The GIA is different from the “Kabushiki-Kaisha”(hereinafter the “K.K.”) in the following respect.
- The GIA is not allowed to aims for the distribution of dividend or residual property.
- As a result, the provision of the Articles of Incorporation which entitles the member or incorporator of the GIA to receive dividend or residual property is not effective.There are no provisions of capital and member’s equity in this New Law in the first place. But, instead, the GIA can pay remuneration for directors like the K.K.
- Moreover, there is no restriction on the nature of business: The GIA can do not only commercial activity but also unprofitable activities and public-interest activities unlike in the case of the K.K.
The New Law was enacted as part of the“Public-Interest Corporation Reform" to dissociate the incorporation of the GIA from the authorization of "Public Interest Incorporated Assotiations" (hereinafter the "PIIA"), and allow the association in question to acquire a legal status as a corporation only under the New Law by registration in the Legal Affairs Bureau(General Incorporation).

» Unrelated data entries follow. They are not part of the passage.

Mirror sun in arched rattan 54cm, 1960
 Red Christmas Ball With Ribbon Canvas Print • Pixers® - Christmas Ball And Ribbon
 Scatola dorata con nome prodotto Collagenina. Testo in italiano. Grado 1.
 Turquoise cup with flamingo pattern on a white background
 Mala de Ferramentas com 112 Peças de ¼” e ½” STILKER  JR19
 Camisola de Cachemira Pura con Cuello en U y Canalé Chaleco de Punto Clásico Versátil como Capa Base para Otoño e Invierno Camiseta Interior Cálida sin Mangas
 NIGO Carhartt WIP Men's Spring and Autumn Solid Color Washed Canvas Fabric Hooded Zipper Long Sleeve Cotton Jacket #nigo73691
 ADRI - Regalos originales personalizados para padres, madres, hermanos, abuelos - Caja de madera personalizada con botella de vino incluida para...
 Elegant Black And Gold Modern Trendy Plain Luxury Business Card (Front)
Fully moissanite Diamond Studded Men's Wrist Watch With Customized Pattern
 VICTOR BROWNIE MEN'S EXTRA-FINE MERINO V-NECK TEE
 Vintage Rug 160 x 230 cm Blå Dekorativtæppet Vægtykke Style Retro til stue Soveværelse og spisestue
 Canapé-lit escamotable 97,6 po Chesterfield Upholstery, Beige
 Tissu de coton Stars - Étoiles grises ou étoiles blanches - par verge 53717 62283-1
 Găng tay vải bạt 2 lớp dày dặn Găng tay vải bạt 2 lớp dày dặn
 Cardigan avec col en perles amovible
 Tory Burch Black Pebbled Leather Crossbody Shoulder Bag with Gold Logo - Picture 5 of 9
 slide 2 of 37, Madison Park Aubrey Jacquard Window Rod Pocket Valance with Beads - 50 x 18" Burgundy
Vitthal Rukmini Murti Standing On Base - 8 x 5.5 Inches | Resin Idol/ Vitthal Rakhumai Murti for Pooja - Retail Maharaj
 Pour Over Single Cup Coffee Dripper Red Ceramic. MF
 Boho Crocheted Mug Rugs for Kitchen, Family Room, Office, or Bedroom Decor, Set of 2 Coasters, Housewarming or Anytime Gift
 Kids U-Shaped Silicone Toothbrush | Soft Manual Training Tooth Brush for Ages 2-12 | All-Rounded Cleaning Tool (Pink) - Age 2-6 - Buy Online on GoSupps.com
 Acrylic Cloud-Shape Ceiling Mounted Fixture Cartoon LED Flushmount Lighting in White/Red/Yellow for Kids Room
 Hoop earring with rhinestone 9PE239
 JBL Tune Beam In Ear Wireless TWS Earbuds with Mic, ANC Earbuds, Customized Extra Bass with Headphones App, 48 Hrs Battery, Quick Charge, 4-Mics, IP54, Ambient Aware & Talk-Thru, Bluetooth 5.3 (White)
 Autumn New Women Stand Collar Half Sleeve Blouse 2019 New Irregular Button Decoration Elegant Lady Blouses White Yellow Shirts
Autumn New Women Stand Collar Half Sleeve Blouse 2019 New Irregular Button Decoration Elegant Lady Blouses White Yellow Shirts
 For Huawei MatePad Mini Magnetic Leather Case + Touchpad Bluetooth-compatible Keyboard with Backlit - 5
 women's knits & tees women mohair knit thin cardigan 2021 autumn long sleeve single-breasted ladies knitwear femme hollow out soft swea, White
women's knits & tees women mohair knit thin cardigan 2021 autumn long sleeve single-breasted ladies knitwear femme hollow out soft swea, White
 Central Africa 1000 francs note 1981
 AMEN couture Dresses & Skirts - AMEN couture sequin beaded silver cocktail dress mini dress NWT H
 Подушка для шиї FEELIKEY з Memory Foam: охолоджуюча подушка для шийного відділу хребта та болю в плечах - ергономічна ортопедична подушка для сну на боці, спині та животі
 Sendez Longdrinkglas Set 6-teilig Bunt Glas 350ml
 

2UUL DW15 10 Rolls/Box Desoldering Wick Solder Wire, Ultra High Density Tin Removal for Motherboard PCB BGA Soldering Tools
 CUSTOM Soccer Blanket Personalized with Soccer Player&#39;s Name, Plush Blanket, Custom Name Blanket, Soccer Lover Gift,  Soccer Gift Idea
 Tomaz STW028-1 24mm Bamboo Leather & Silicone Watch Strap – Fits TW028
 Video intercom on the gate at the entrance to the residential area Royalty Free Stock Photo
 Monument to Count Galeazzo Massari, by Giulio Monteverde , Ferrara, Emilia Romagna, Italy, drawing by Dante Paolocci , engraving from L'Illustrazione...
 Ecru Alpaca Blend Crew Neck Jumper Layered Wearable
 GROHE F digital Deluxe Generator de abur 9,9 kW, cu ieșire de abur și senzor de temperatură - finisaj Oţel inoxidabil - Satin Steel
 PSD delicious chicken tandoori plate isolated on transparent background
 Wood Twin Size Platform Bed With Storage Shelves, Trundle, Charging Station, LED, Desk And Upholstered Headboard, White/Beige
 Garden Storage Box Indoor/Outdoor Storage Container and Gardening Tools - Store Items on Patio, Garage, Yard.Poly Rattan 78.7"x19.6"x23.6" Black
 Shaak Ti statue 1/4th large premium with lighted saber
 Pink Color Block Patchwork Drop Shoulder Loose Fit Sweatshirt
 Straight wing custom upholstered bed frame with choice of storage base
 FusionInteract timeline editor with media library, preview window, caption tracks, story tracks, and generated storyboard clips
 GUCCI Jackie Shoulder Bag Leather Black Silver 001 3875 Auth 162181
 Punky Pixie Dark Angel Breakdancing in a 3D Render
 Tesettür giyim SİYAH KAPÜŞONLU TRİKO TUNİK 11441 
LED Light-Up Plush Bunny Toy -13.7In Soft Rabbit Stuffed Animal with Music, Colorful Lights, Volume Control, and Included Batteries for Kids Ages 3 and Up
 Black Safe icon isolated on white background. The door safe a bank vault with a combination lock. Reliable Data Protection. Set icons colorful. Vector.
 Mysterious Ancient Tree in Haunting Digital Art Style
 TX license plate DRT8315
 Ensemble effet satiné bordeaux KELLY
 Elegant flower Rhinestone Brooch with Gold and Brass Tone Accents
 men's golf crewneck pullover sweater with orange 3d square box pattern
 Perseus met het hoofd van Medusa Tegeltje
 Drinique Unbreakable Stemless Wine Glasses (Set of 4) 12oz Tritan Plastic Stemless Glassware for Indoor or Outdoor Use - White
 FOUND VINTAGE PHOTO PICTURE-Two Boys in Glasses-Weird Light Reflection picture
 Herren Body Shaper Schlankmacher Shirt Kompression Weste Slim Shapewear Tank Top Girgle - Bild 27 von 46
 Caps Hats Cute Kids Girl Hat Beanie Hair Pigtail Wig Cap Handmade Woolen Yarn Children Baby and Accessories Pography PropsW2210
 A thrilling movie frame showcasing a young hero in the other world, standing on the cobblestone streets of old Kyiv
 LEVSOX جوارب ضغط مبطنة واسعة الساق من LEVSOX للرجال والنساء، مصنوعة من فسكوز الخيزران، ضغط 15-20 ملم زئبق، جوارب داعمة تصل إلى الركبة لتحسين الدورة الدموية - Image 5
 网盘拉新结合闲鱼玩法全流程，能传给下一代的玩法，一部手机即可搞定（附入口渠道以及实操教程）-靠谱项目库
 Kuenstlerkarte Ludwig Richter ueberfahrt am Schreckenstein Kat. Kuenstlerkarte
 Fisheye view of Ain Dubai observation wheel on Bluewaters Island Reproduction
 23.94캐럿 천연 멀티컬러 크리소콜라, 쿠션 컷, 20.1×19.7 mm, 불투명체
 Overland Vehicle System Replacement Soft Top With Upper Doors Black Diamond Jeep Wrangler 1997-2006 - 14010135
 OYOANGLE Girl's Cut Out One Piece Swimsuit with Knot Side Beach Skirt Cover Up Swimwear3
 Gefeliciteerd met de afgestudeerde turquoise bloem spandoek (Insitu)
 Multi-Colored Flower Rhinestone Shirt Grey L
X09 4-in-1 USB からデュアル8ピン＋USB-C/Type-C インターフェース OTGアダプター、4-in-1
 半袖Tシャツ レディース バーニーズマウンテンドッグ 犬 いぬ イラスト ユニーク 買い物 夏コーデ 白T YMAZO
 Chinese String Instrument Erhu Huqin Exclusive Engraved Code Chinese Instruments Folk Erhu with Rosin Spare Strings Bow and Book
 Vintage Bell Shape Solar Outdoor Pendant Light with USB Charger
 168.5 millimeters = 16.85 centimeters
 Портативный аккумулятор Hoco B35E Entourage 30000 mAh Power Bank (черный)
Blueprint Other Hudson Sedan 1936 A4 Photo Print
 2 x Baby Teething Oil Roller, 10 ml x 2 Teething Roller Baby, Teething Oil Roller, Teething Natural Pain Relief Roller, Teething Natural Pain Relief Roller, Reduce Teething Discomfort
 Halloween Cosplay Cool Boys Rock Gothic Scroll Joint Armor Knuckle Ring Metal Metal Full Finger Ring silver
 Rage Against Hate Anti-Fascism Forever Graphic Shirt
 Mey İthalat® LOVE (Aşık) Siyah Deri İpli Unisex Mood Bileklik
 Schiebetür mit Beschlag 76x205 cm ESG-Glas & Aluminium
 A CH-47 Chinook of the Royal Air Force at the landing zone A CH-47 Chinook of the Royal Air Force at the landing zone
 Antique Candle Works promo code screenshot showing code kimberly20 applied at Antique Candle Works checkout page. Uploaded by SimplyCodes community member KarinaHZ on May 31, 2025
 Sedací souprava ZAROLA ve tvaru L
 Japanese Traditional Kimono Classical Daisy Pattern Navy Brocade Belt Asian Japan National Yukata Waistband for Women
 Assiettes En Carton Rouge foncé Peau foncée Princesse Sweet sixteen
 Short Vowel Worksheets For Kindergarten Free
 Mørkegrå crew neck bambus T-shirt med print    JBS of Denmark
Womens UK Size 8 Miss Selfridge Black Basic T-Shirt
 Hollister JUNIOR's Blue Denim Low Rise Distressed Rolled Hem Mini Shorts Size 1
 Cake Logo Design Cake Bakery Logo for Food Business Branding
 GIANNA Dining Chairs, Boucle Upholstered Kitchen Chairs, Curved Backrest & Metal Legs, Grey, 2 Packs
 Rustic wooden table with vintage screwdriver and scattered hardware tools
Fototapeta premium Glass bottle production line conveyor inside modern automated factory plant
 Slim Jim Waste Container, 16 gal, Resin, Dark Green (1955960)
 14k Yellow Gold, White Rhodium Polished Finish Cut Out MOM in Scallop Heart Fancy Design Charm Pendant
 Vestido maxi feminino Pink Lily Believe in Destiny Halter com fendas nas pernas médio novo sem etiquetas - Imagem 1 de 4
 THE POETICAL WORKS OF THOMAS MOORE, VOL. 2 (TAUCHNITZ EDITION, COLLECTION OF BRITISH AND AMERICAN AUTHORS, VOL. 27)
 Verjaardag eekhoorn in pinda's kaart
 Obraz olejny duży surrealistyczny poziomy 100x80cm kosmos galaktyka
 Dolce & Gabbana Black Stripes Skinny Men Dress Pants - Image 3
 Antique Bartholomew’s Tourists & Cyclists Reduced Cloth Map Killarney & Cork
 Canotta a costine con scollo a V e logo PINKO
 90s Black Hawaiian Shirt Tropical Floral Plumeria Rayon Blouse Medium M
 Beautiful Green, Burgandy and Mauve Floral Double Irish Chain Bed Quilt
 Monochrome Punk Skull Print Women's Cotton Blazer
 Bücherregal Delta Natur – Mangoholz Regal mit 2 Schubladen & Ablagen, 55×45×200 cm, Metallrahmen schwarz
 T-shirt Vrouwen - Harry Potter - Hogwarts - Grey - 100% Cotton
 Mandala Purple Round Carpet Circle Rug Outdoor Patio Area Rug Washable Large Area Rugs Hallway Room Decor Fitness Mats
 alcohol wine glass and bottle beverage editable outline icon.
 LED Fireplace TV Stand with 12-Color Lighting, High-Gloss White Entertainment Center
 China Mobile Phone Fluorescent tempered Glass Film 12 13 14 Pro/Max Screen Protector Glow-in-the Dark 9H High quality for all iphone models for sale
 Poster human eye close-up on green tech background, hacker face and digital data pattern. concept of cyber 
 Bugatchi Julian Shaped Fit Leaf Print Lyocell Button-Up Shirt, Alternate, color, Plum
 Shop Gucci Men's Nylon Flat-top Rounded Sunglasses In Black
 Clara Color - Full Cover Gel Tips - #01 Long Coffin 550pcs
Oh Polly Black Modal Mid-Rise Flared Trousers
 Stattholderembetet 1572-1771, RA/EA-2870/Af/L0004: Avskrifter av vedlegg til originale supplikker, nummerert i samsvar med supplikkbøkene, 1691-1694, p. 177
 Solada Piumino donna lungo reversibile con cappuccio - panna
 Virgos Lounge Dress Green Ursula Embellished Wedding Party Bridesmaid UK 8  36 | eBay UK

If the GIA in question want above authorization, the GIA will be able to apply for the authorization any time after incorporation, to be granted it under certain condition and to become the PIIA. 〔Act on Authorization of Public Interest Incorporated Associations and Public Interest Incorporated Foundations(Act No.49 of 2006 )〕 This will grant the GIA certain tax benefits. But Any GIA may not merge or consolidate with any K.K. Any GIA may not convert to any K.K. and vice versa. It is still now thought that they differ fundermentally in structure in Japan.